* [Work required]
Repeat exactly the lines that run from the start of the records below to the line with "Offene Küche - Etagenwohnung", including both of those lines but not the pictures.

* [Data extract]
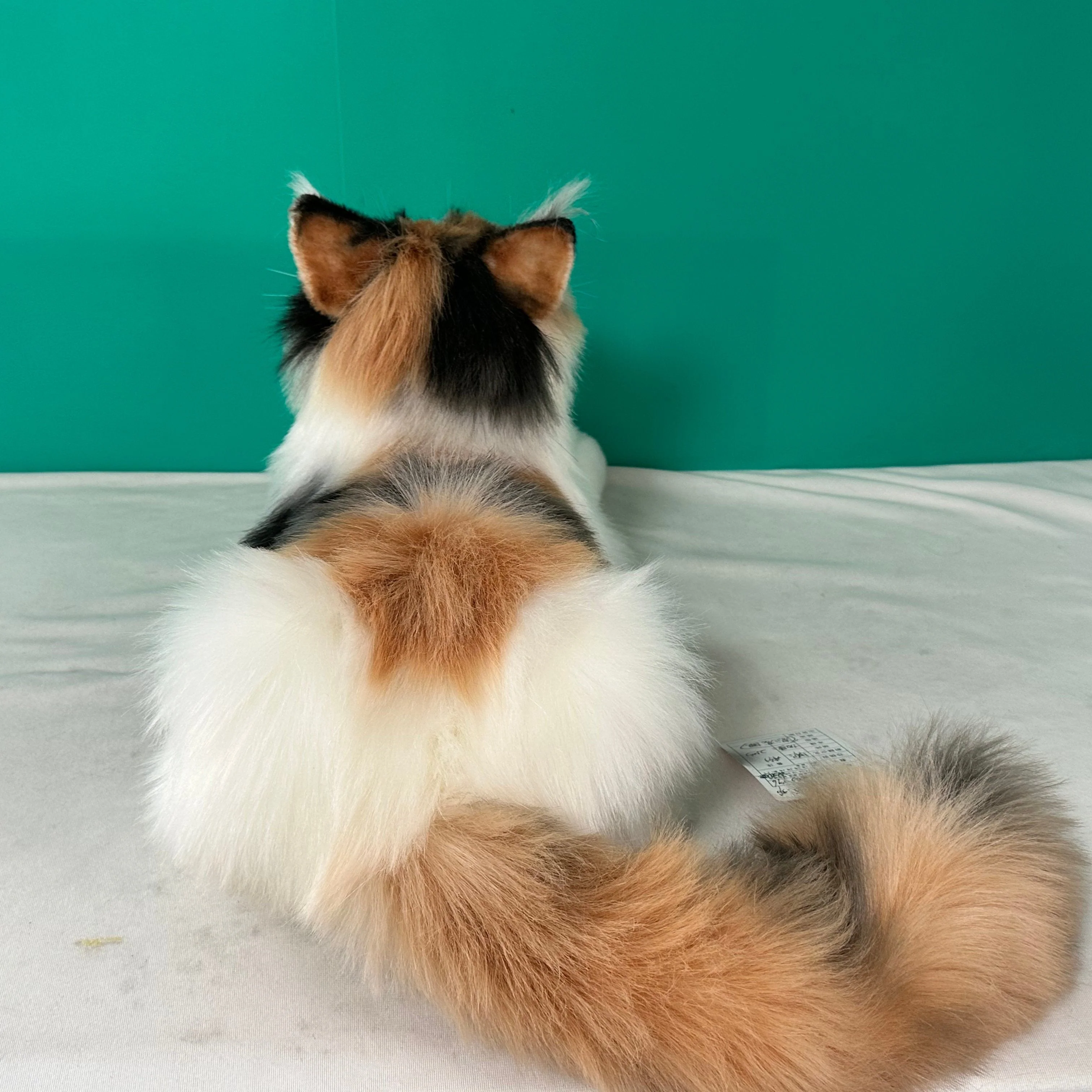 Plush Calico Cat Order to Make - Image 3
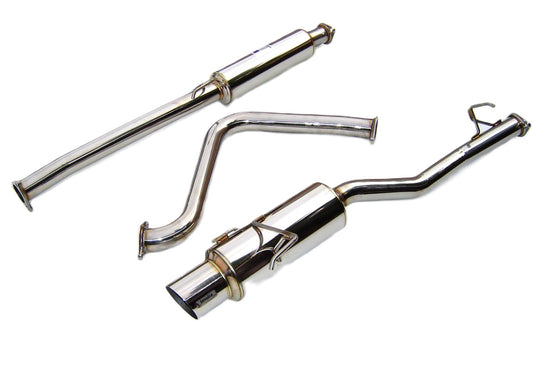Invidia 97-01 Honda Prelude Base N1 Cat-back Exhaust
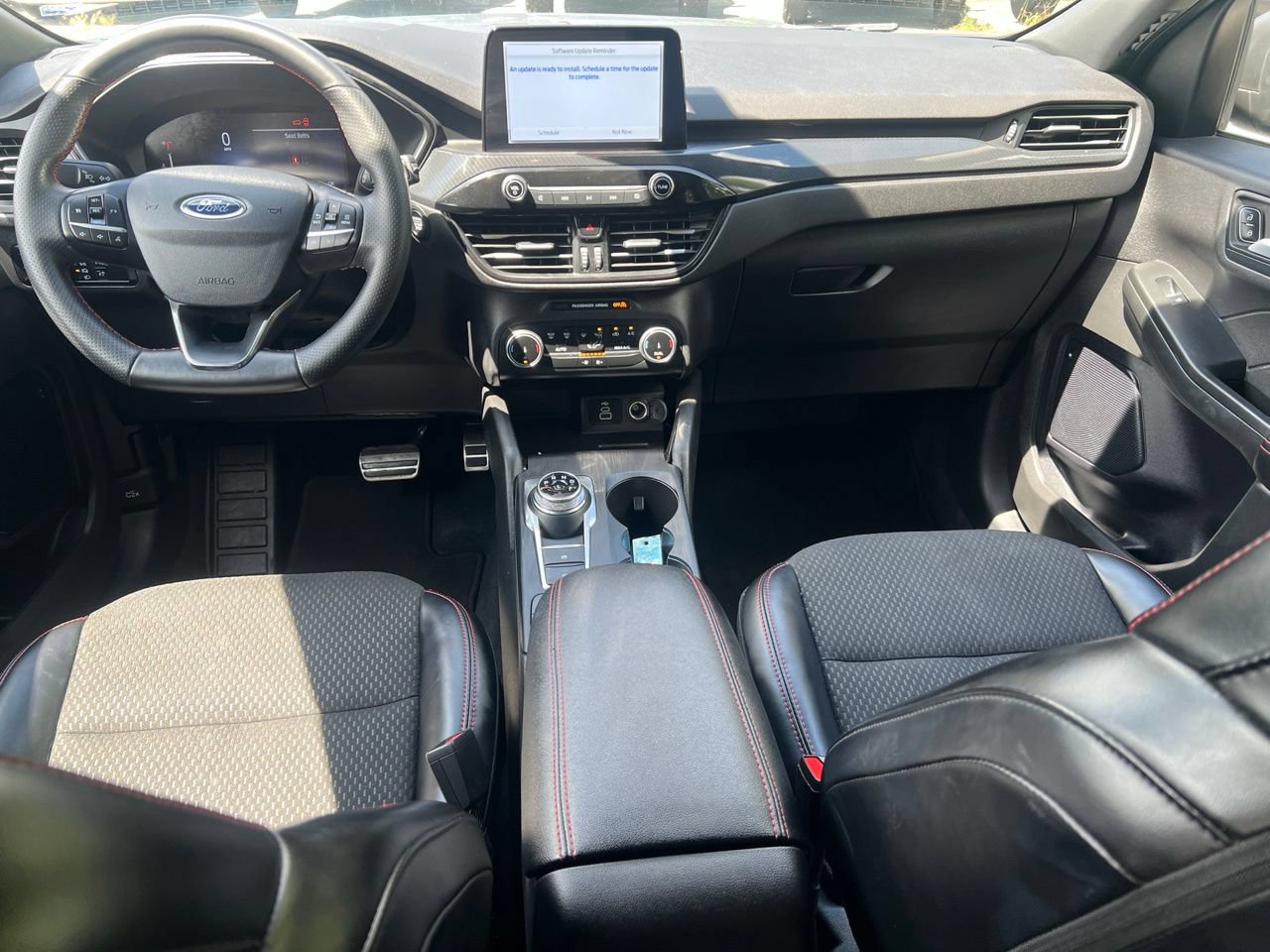 Used 2024 Ford Escape ST-Line FWD image 20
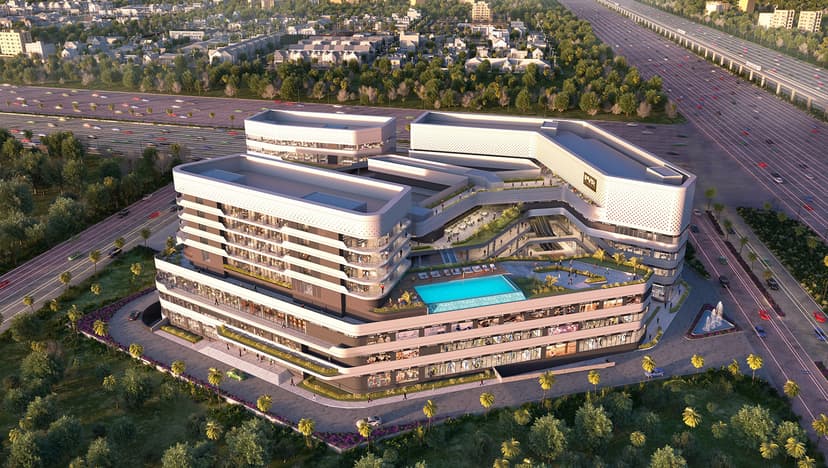 Elan Miracle Sector 84, Dwarka Expressway, Gurgaon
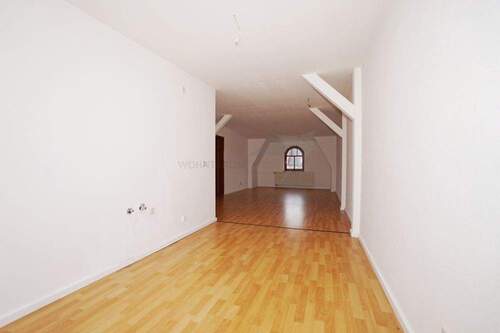 Offene Küche - Etagenwohnung mit 88,00 m&sup2; in Zwickau zur Miete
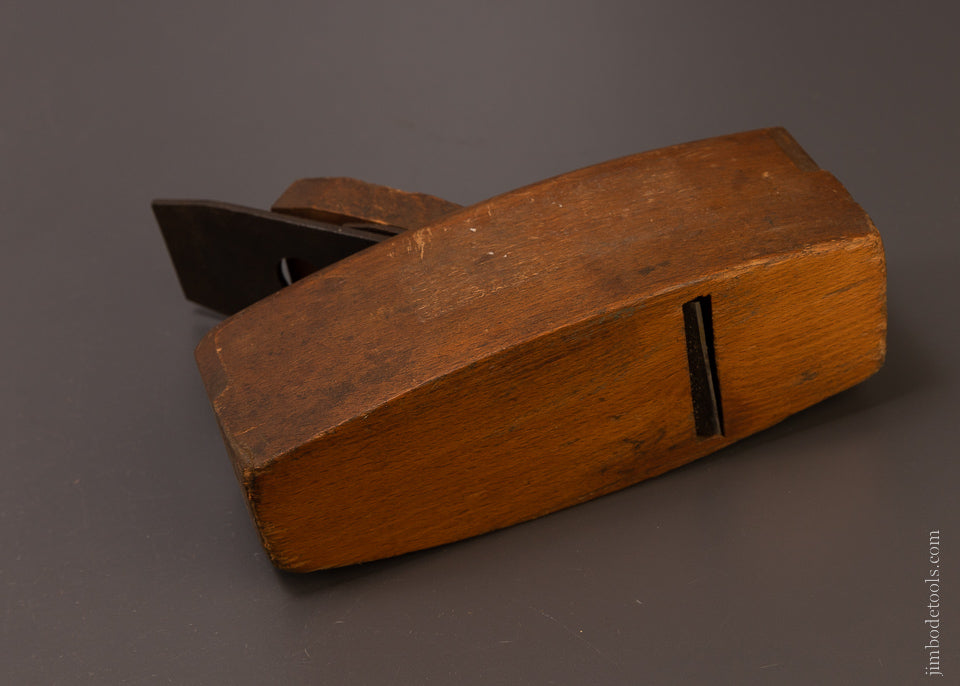 Extra Fine Coffin Plane - 106377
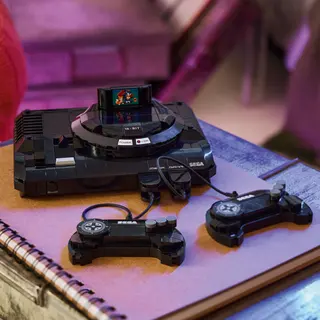 Console SEGA Mega Drive
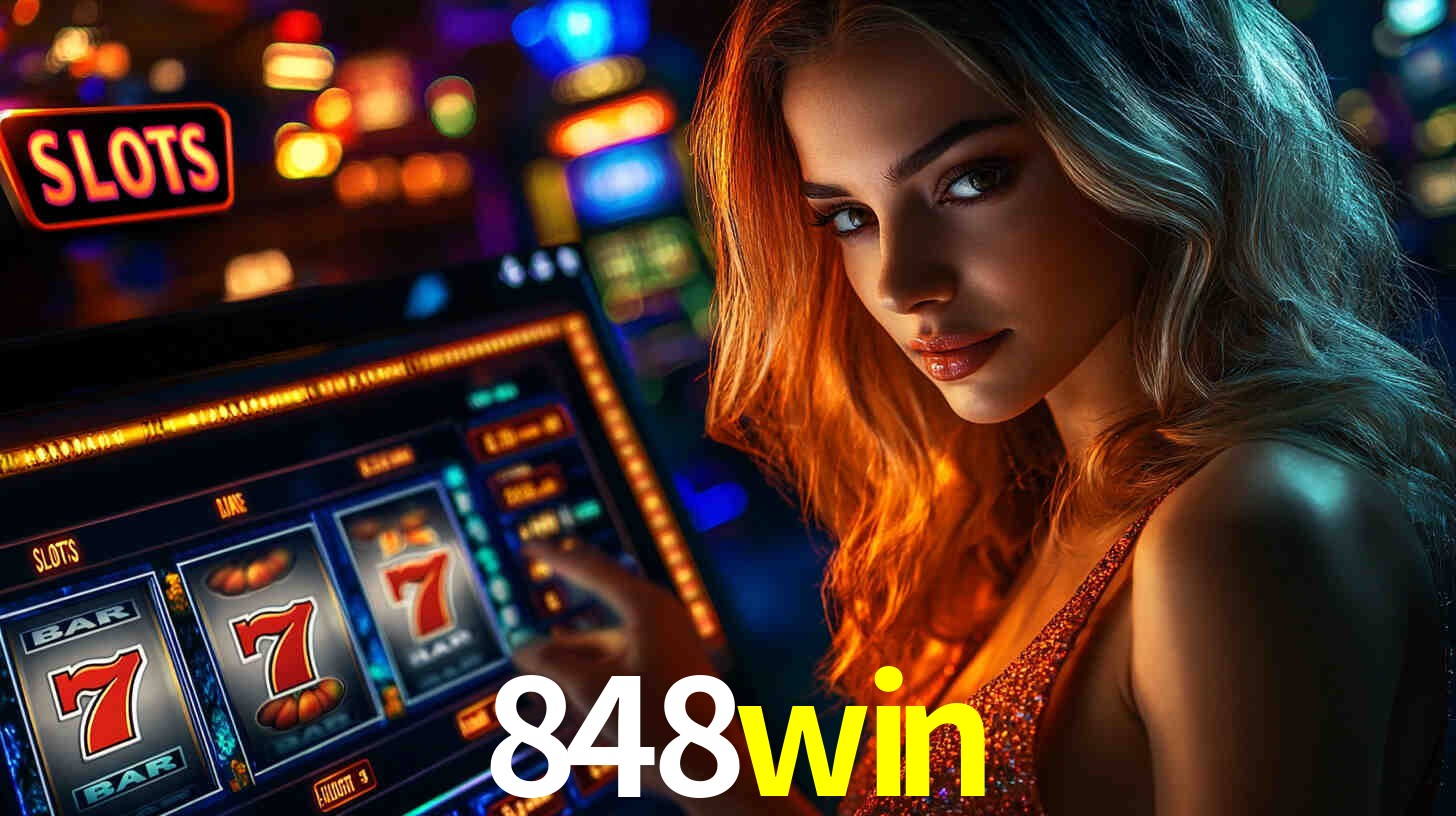 Slots com Alto RTP no 848win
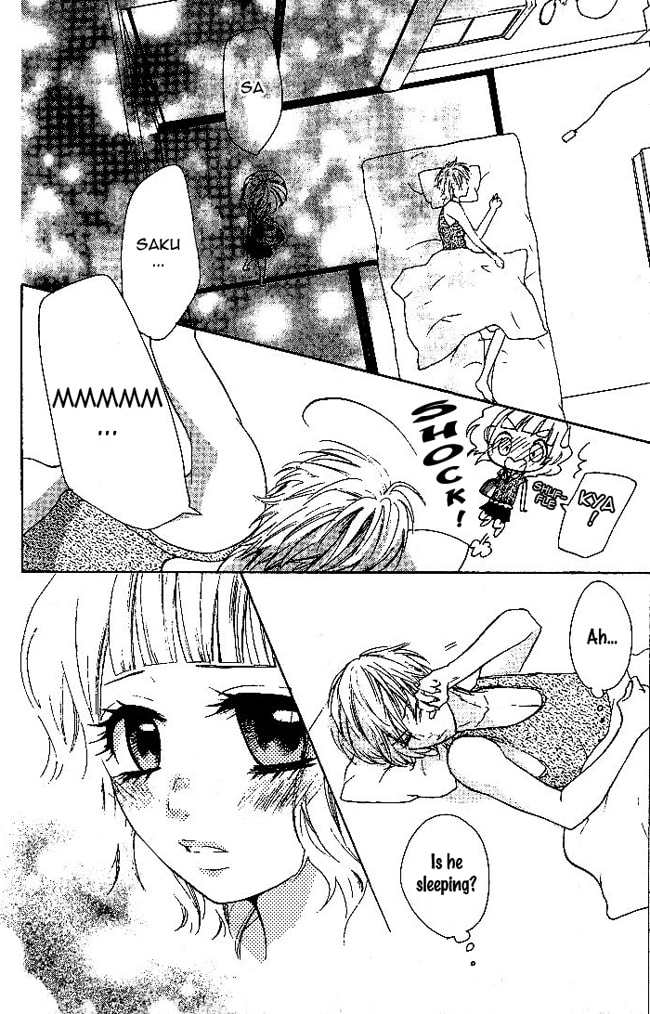 Read Lemon Planet chapter 3 image 6 on Lezhin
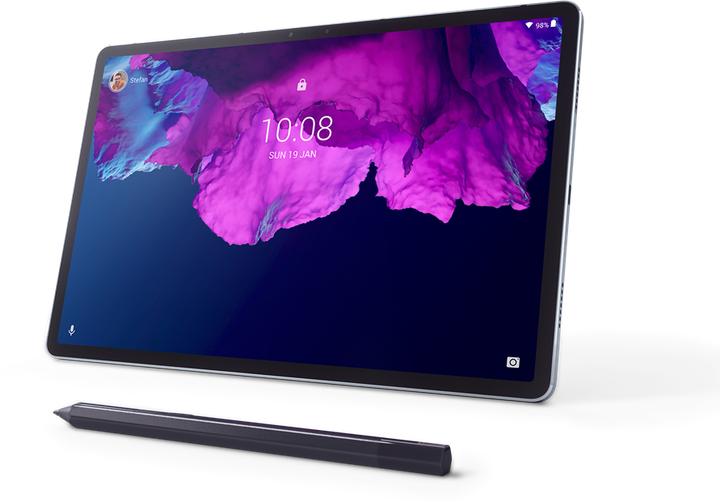Produktbild Lenovo Tablet P11 Pro (4G, 11.50", 128 GB, Slate Gray)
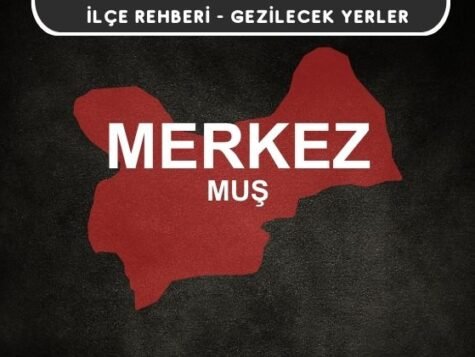 Muş Merkez Gezi Rehberi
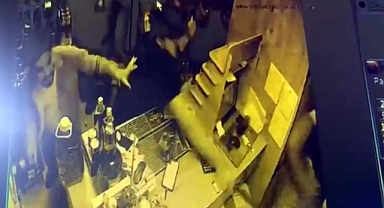 Büfe işletmecisi demir çubukla darbedildi; 4 tutuklama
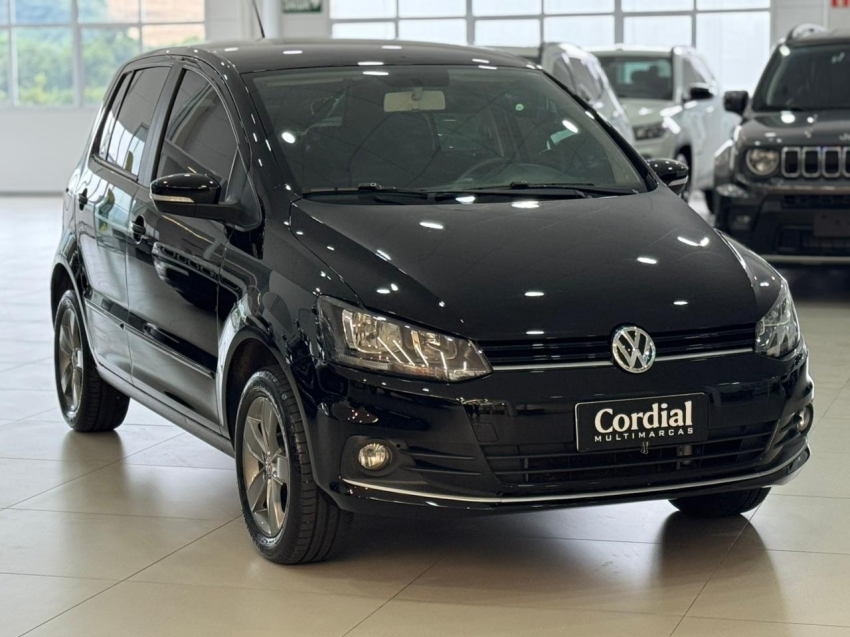 volkswagen fox 1.6 msi total flex connect 4p manual automatico 20201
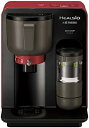 【中古】(非常に良い)シャープ ヘルシオ(HEALSIO) お茶プレッソ レッド TE-GS10A-R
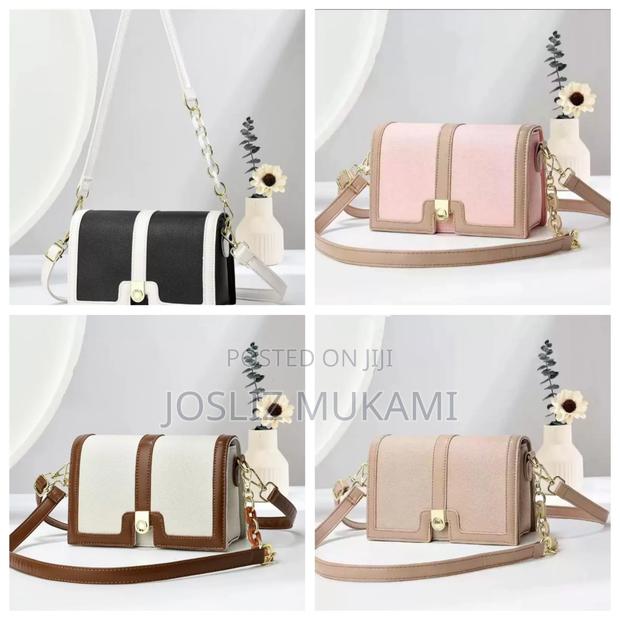 Good Quality Leather Sling Bag - thumbnail 3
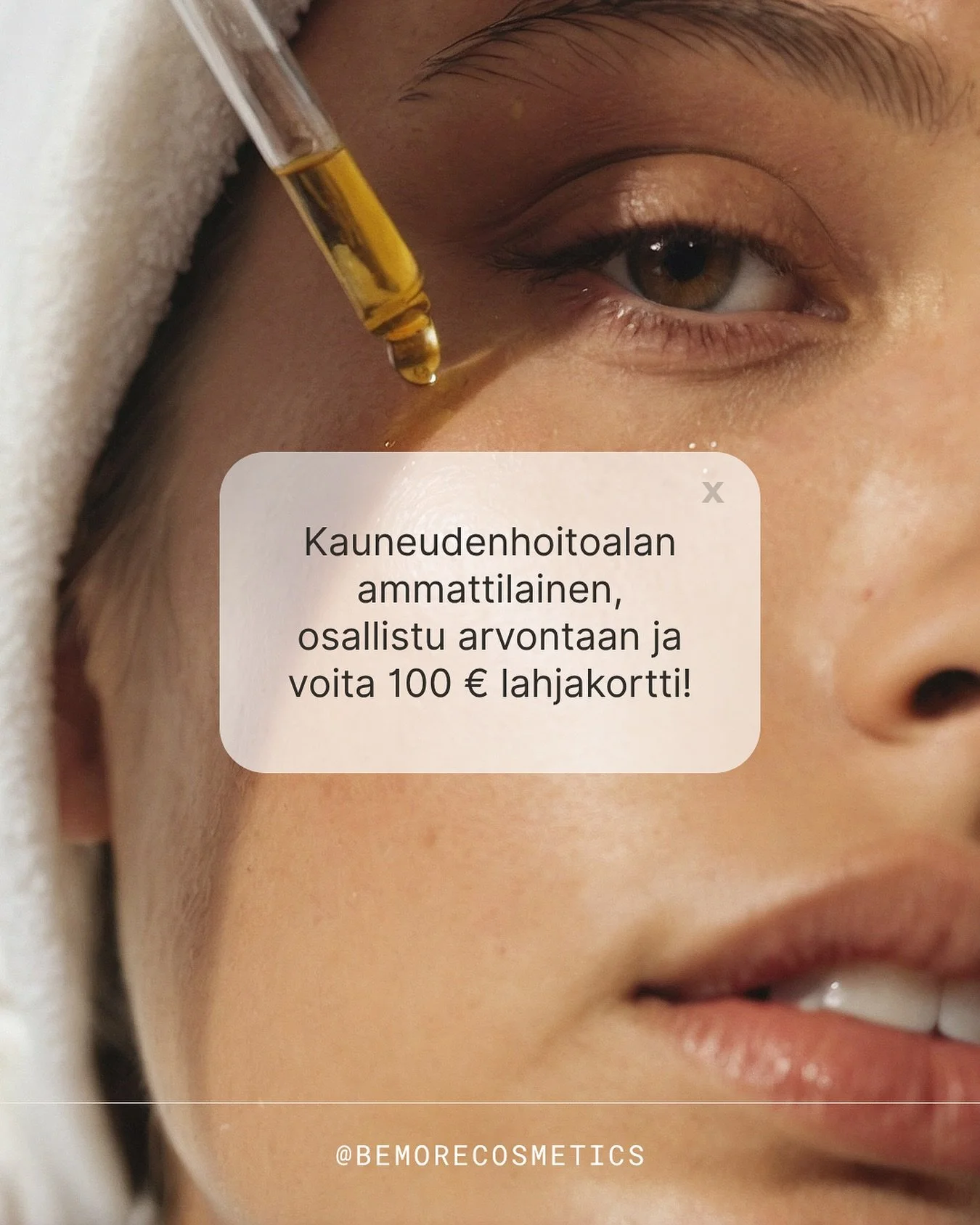 Ammattilainen, osallistu 100&euro; lahjakortin arvontaan! 🍂

Syksy on erinomainen hetki pys&auml;hty&auml;, inspiroitua ja uudistaa valikoimaa &ndash; ehk&auml; my&ouml;s tilata pitk&auml;st&auml; aikaa jotakin uutta itselle tai hoitolan k&auml;ytt&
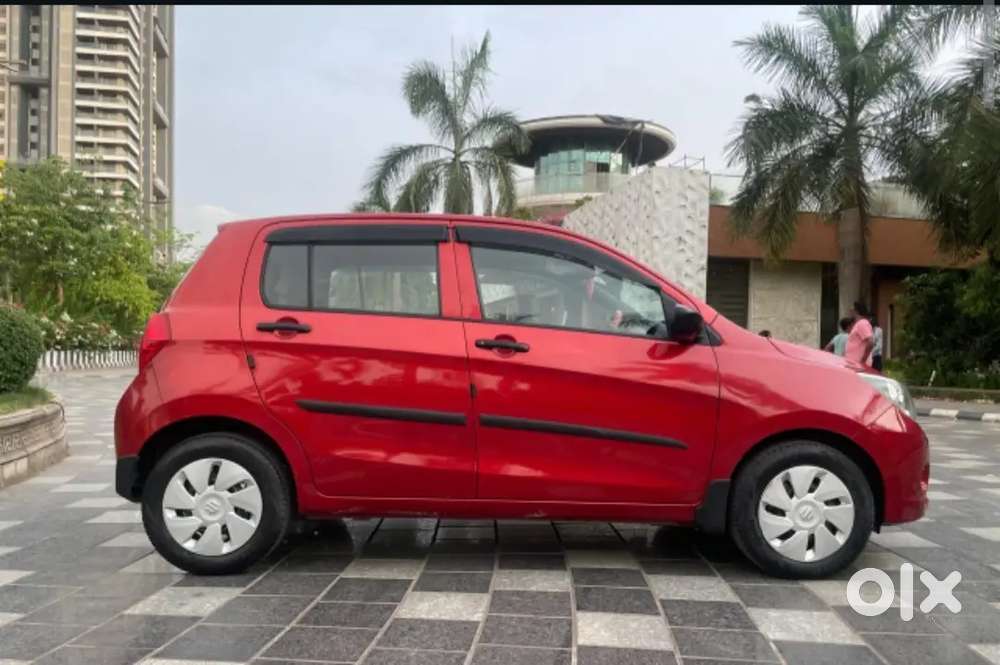 Maruti Suzuki Celerio 2014 Cng Vxi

* [Exercise solution]
 Plush Calico Cat Order to Make - Image 3
Invidia 97-01 Honda Prelude Base N1 Cat-back Exhaust
 Used 2024 Ford Escape ST-Line FWD image 20
 Elan Miracle Sector 84, Dwarka Expressway, Gurgaon
 Offene Küche - Etagenwohnung mit 88,00 m&sup2; in Zwickau zur Miete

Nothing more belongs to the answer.